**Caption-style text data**
· · · · ·

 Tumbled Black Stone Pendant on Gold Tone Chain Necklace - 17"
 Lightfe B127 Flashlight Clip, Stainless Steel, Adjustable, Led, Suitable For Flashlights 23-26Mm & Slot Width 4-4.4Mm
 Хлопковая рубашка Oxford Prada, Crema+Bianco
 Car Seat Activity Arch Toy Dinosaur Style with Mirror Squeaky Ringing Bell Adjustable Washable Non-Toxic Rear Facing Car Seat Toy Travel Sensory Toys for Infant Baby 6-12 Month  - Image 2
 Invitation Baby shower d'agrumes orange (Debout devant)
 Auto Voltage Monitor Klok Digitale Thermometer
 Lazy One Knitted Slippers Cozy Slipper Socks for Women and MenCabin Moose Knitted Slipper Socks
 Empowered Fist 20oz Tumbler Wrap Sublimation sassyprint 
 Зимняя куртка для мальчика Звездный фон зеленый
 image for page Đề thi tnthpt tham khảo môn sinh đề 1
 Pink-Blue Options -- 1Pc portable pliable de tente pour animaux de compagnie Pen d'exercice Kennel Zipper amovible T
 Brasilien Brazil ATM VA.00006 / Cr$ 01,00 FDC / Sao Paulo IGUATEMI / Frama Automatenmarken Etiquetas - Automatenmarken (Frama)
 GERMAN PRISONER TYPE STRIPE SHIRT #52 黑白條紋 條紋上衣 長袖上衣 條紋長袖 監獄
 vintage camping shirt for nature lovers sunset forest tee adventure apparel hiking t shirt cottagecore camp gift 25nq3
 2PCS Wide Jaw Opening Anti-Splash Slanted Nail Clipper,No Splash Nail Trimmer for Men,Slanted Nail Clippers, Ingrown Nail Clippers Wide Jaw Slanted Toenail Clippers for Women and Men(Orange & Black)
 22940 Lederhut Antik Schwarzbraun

· · · · ·

**WHAT IS EXPECTED**
All of the data above is to be given again, word for word.

**EXERCISE RESPONSE**
 Tumbled Black Stone Pendant on Gold Tone Chain Necklace - 17"
 Lightfe B127 Flashlight Clip, Stainless Steel, Adjustable, Led, Suitable For Flashlights 23-26Mm & Slot Width 4-4.4Mm
 Хлопковая рубашка Oxford Prada, Crema+Bianco
 Car Seat Activity Arch Toy Dinosaur Style with Mirror Squeaky Ringing Bell Adjustable Washable Non-Toxic Rear Facing Car Seat Toy Travel Sensory Toys for Infant Baby 6-12 Month  - Image 2
 Invitation Baby shower d'agrumes orange (Debout devant)
 Auto Voltage Monitor Klok Digitale Thermometer
 Lazy One Knitted Slippers Cozy Slipper Socks for Women and MenCabin Moose Knitted Slipper Socks
 Empowered Fist 20oz Tumbler Wrap Sublimation sassyprint 
 Зимняя куртка для мальчика Звездный фон зеленый
 image for page Đề thi tnthpt tham khảo môn sinh đề 1
 Pink-Blue Options -- 1Pc portable pliable de tente pour animaux de compagnie Pen d'exercice Kennel Zipper amovible T
 Brasilien Brazil ATM VA.00006 / Cr$ 01,00 FDC / Sao Paulo IGUATEMI / Frama Automatenmarken Etiquetas - Automatenmarken (Frama)
 GERMAN PRISONER TYPE STRIPE SHIRT #52 黑白條紋 條紋上衣 長袖上衣 條紋長袖 監獄
 vintage camping shirt for nature lovers sunset forest tee adventure apparel hiking t shirt cottagecore camp gift 25nq3
 2PCS Wide Jaw Opening Anti-Splash Slanted Nail Clipper,No Splash Nail Trimmer for Men,Slanted Nail Clippers, Ingrown Nail Clippers Wide Jaw Slanted Toenail Clippers for Women and Men(Orange & Black)
 22940 Lederhut Antik Schwarzbraun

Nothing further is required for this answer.